[WHAT IS NEEDED] Produce a verbatim transcript of the entries below, excluding pictures.

Stored records
════

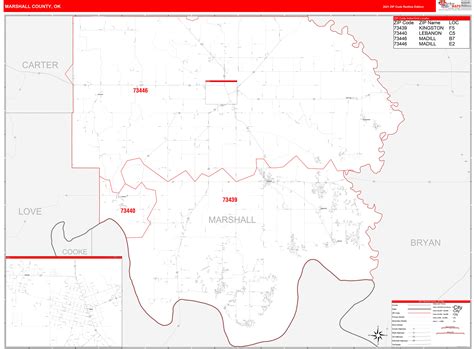 Marshall County Ok Zip Code Wall Map Red Line Style By Marketmaps
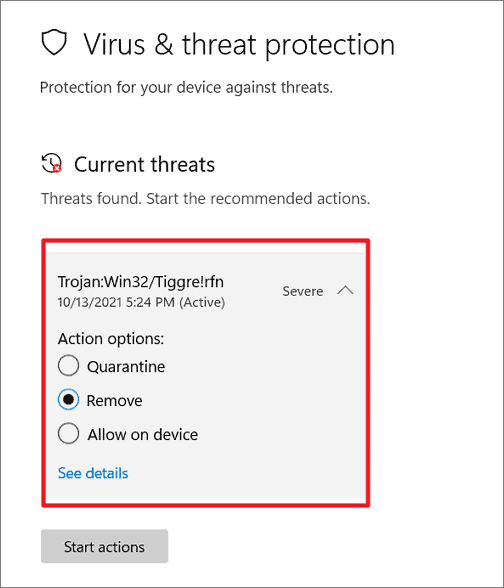 If any threats are found, click on "Remove" or "Quarantine" to delete or isolate them.
Restart your computer.
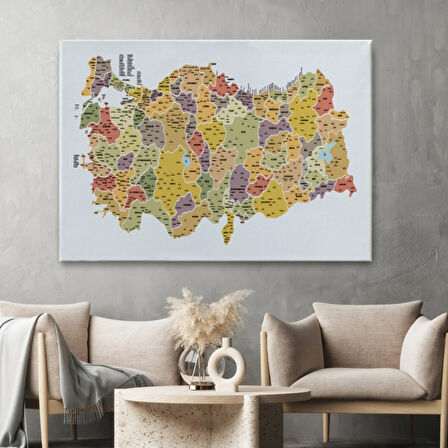 İl ve İlçe Detaylı Eğitici Öğretici Türkiye Haritası Dekoratif Kanvas Tablo, Duvar Dekoru 3042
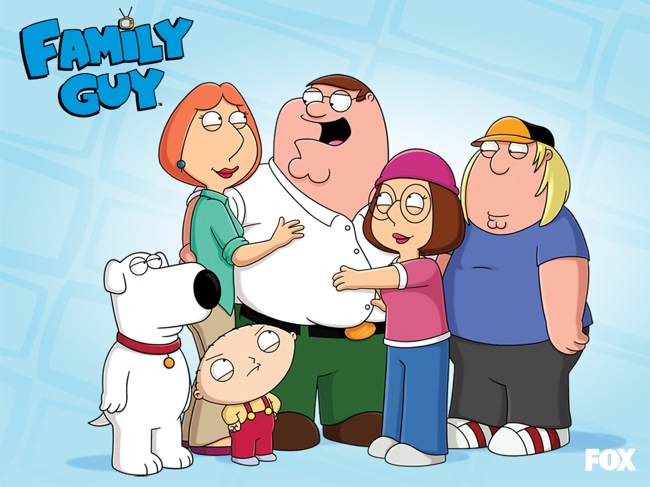 The Family Guy cast, including Peter Griffin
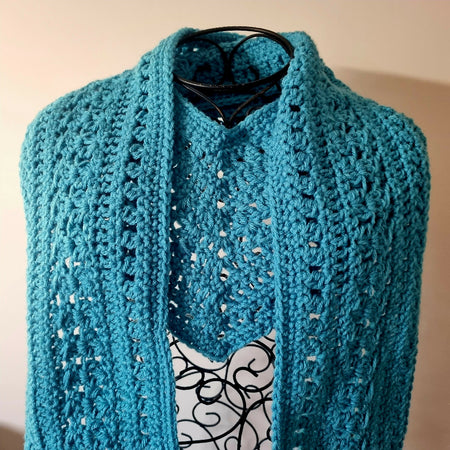 Crochet V Scarf | Handmade Adult Scarf | Blue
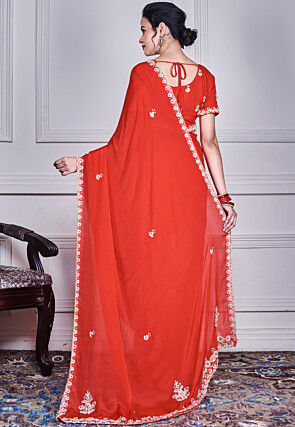 Hand Embroidered Pure Chiffon Saree in Red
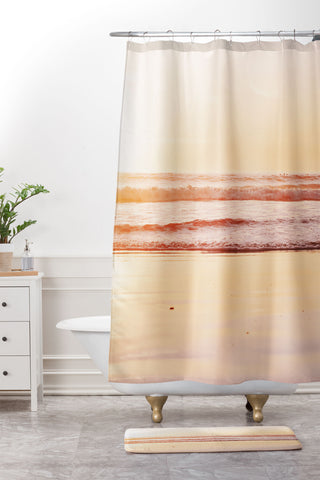 Bree Madden Sunset Tangerine Shower Curtain And Mat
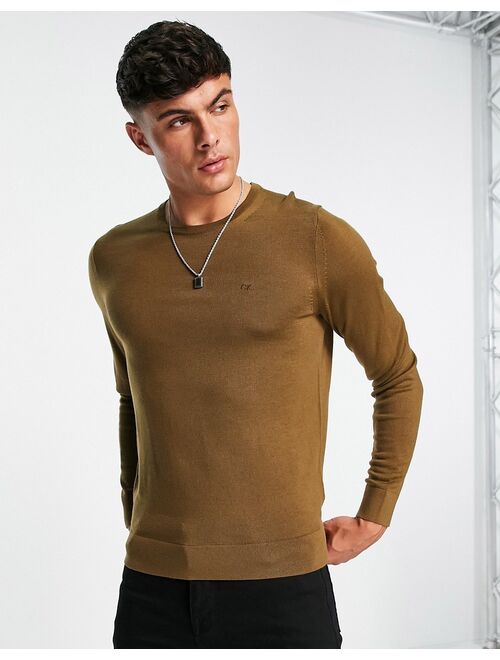 Calvin Klein superior wool knit sweater in brown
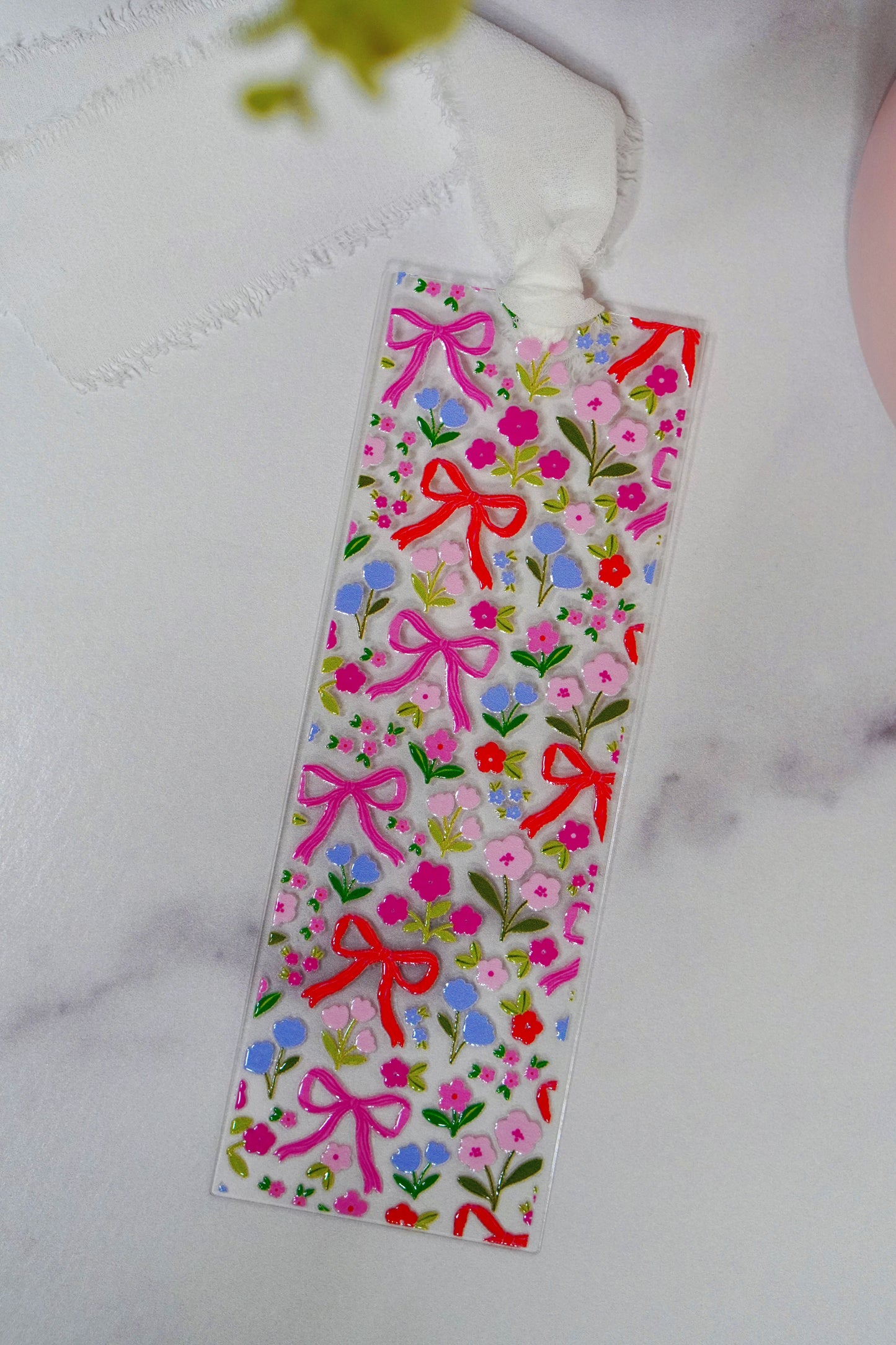 New Bow + Flowers Acrylic Bookmark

════

[TASK SOLUTION]
 Marshall County Ok Zip Code Wall Map Red Line Style By Marketmaps
 If any threats are found, click on "Remove" or "Quarantine" to delete or isolate them.
Restart your computer.
 İl ve İlçe Detaylı Eğitici Öğretici Türkiye Haritası Dekoratif Kanvas Tablo, Duvar Dekoru 3042
 The Family Guy cast, including Peter Griffin
 Crochet V Scarf | Handmade Adult Scarf | Blue
 Hand Embroidered Pure Chiffon Saree in Red
 Bree Madden Sunset Tangerine Shower Curtain And Mat
 Calvin Klein superior wool knit sweater in brown
 New Bow + Flowers Acrylic Bookmark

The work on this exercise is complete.